Alors oui, c’est vrai, il y avait ribambelles d’articles qu’on qualifierait de « méchants » dans ce journal, des « rentrées dans le lard » inadmissibles pour beaucoup, dégueulasses et parfois peu raffinées, à la baïonnette ou au canon, ou les deux. C’était pourtant très drôle, féroce, et redoutablement efficace. A l’image du tenancier de ce grand bordel, Jean-Edern. C’était l’intérieur de son crâne ce journal, avec toutes ses batailles, ses luttes et ses circonvolutions compliquées absurdes inutiles ou lumineuses. Tout à la fois. Hallier restera le dernier patron de presse à avoir dirigé un journal à son image.

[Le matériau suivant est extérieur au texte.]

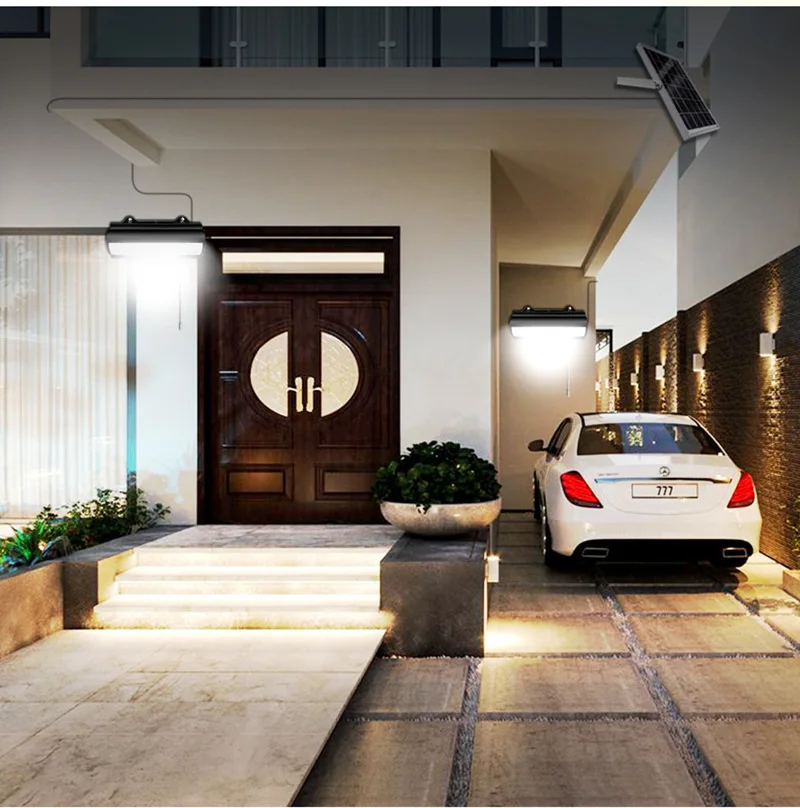 New Solar Cable Induction Courtyard, Garden, Corridor, Rural Small Street Lights, Indoor and Outdoor Remote Control Wall Lights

Dix ans après, c’est pas Marianne qui va nous faire jouir, c’est pas Les Inrockuptibles qui nous feront copuler, c’est pas Le Journal du dimanche qui va nous défriser ! L’Idiot international ne se préoccupait pas trop de l’actualité. Ce qui l’intéressait, ce qui le justifiait, c’étaient ses points de vue, louches, presbytes ou myopes parfois, d’autres fois clairvoyants, perspicaces ou visionnaires. Il ne racontait pas le monde, mais déroulait son histoire, sans jamais tracer de ligne très claire, sans leçon, sans morale, sans pétition, sans « conscience citoyenne ». Il permettait tout, se permettant tout lui-même. Il ne respectait rien plus que nécessaire. Une sorte de cauchemar absolu pour des types comme Gérard Miller, au hasard, ou Sylvain Bourmeau, au hasard, ou Bernard-Henri Lévy, au hasard.
Dix ans après son dernier coup de manivelle, donc, Jean-Edern Hallier n’est plus là. Il n’est plus nulle part. Et ce n’est pas l’exhumation de son œuvre datée qui y changera quoi que ce soit. L’époque n’est plus aux idiots, elle est aux crétins. Ca n’a rien à voir.